→ **Supplied records**
╔══

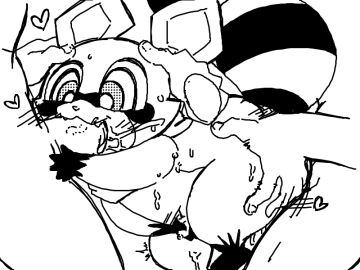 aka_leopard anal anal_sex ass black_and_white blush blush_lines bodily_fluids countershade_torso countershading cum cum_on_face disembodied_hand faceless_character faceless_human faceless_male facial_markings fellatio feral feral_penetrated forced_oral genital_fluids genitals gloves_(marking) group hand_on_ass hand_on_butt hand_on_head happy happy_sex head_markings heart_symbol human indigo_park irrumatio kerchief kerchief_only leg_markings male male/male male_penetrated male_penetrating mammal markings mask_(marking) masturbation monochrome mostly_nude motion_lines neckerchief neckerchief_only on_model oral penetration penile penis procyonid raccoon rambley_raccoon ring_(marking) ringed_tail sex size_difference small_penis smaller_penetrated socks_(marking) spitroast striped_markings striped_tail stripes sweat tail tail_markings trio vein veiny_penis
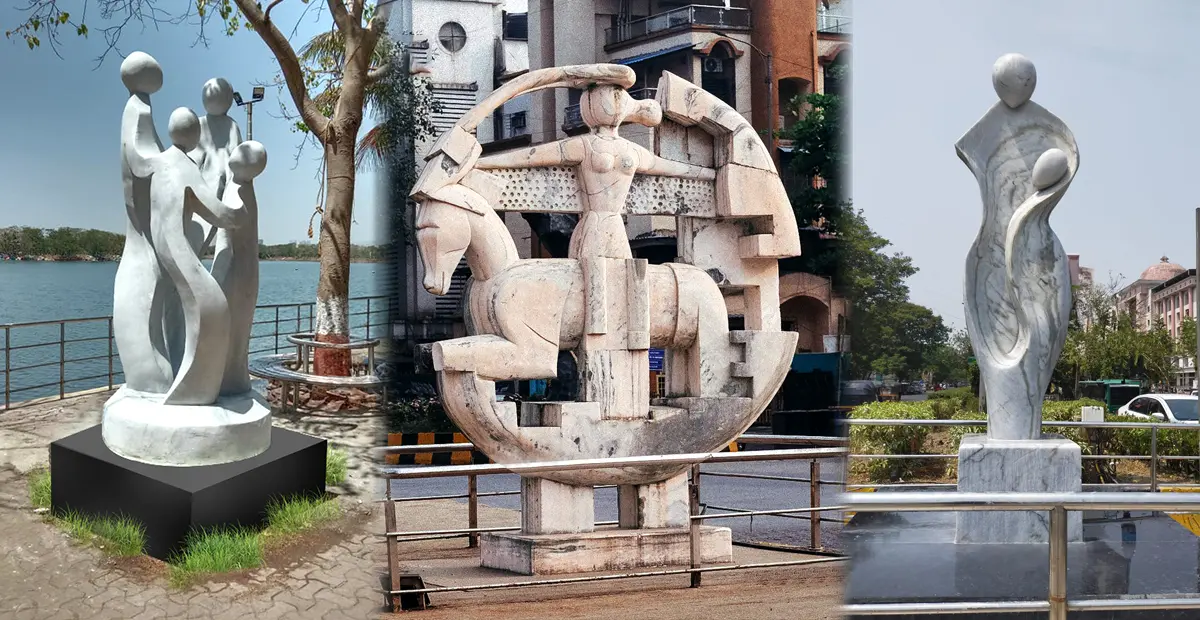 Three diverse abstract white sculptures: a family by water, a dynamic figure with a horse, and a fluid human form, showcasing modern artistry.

╚══
╔══

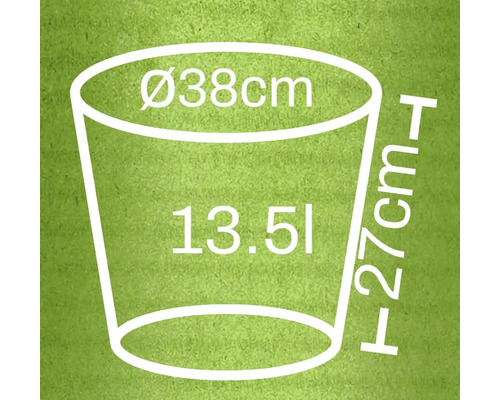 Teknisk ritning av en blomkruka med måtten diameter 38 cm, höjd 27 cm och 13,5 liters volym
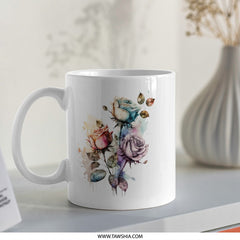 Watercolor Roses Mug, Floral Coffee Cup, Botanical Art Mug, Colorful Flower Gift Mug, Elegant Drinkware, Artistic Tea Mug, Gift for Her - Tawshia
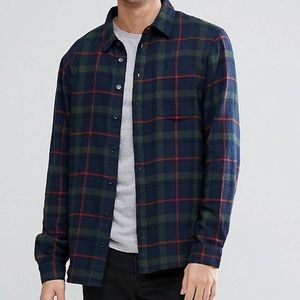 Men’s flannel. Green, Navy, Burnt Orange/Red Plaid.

╚══

→ **What is expected**
Although pictures appear among the entries, please set down only the lines from the one with "aka_leopard anal anal_sex" up to and including the one with "Three diverse abstract", word for word.

→ **Answer to the problem**
 aka_leopard anal anal_sex ass black_and_white blush blush_lines bodily_fluids countershade_torso countershading cum cum_on_face disembodied_hand faceless_character faceless_human faceless_male facial_markings fellatio feral feral_penetrated forced_oral genital_fluids genitals gloves_(marking) group hand_on_ass hand_on_butt hand_on_head happy happy_sex head_markings heart_symbol human indigo_park irrumatio kerchief kerchief_only leg_markings male male/male male_penetrated male_penetrating mammal markings mask_(marking) masturbation monochrome mostly_nude motion_lines neckerchief neckerchief_only on_model oral penetration penile penis procyonid raccoon rambley_raccoon ring_(marking) ringed_tail sex size_difference small_penis smaller_penetrated socks_(marking) spitroast striped_markings striped_tail stripes sweat tail tail_markings trio vein veiny_penis
 Three diverse abstract white sculptures: a family by water, a dynamic figure with a horse, and a fluid human form, showcasing modern artistry.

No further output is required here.